◆ **Exercise brief**
Return the listing below unchanged, minus its pictures.

── Collected data

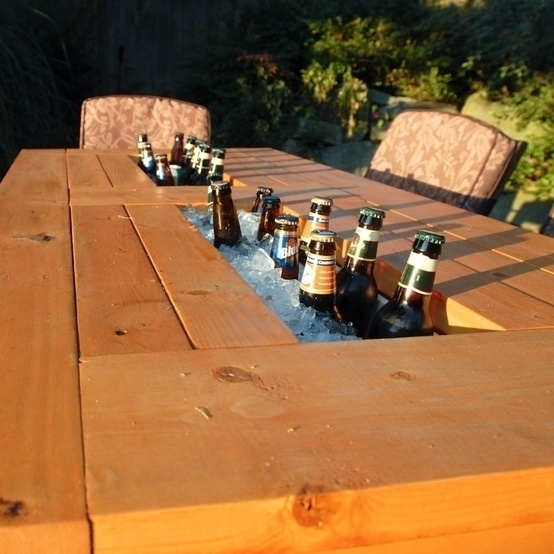 Add a beer cooler to your patio table.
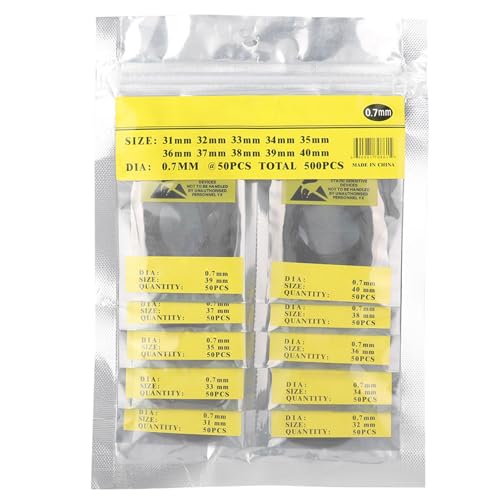 O Ring Gummi -Dichtungsdichtung WasserdeliedelIEBER SEALTENDE SCHOUTSCHAUFEN BACK -Dichtung Dichtungsdichtungen zur Uhr Reparatur von 500 PCS -Beutel Gummi Material Mehrere Größen (0,7 pro Packung von EOJDDPA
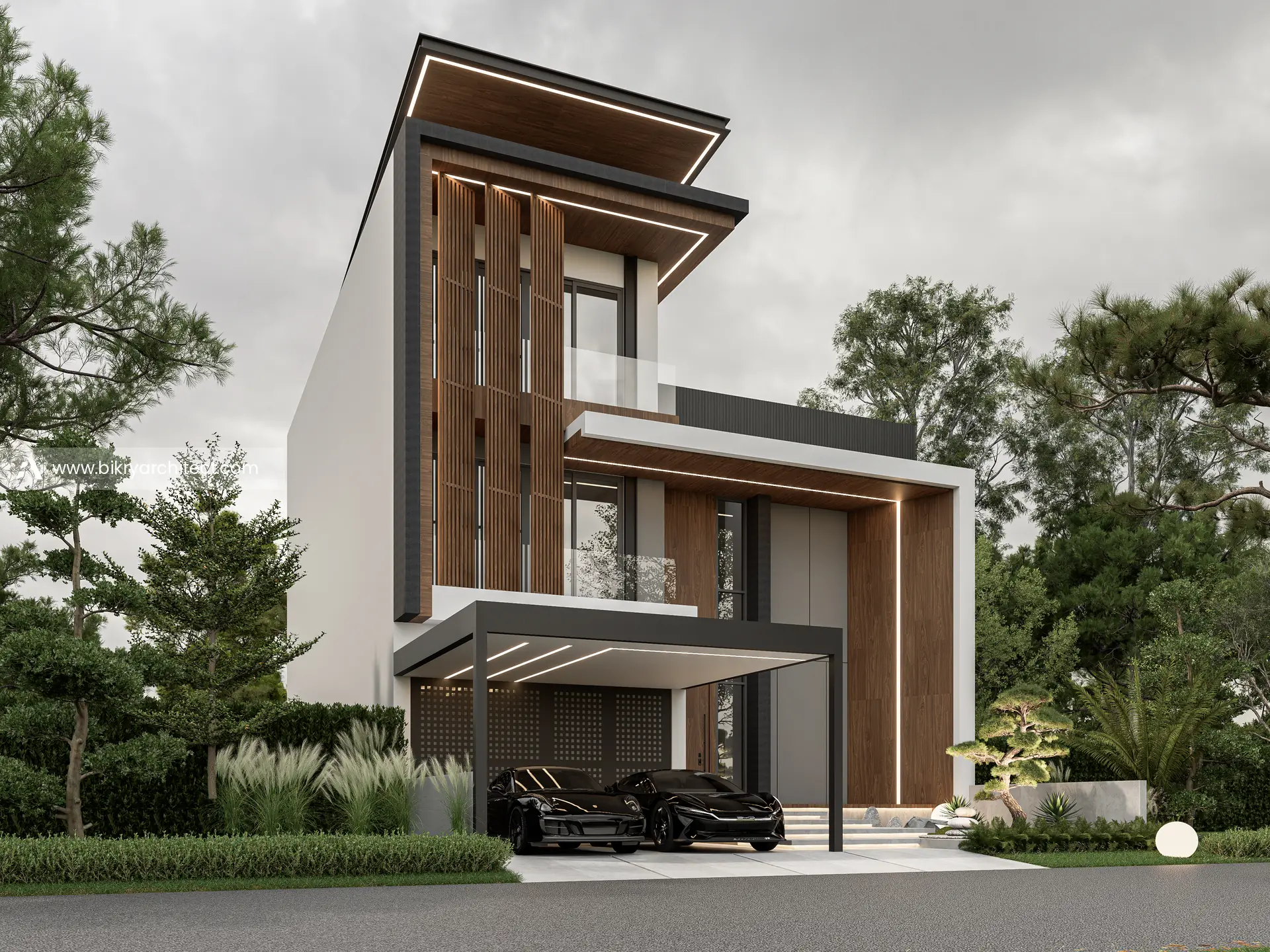 Perspektif sudut rumah modern kontemporer 3 lantai dengan dinding putih, bingkai gelap, dan panel kayu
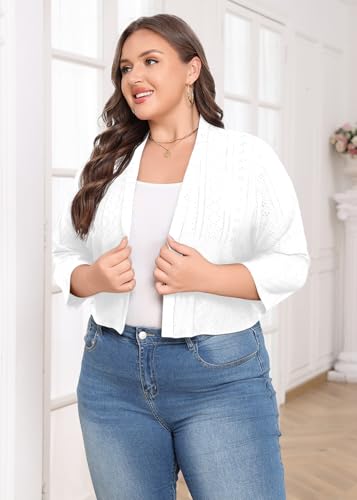 Lastshe Women's Plus Size Shrug Open Front 3/4 Sleeves Cropped Bolero Openwork Fabric Cardigan3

────

◆ **Response to this task**
 Add a beer cooler to your patio table.
 O Ring Gummi -Dichtungsdichtung WasserdeliedelIEBER SEALTENDE SCHOUTSCHAUFEN BACK -Dichtung Dichtungsdichtungen zur Uhr Reparatur von 500 PCS -Beutel Gummi Material Mehrere Größen (0,7 pro Packung von EOJDDPA
 Perspektif sudut rumah modern kontemporer 3 lantai dengan dinding putih, bingkai gelap, dan panel kayu
 Lastshe Women's Plus Size Shrug Open Front 3/4 Sleeves Cropped Bolero Openwork Fabric Cardigan3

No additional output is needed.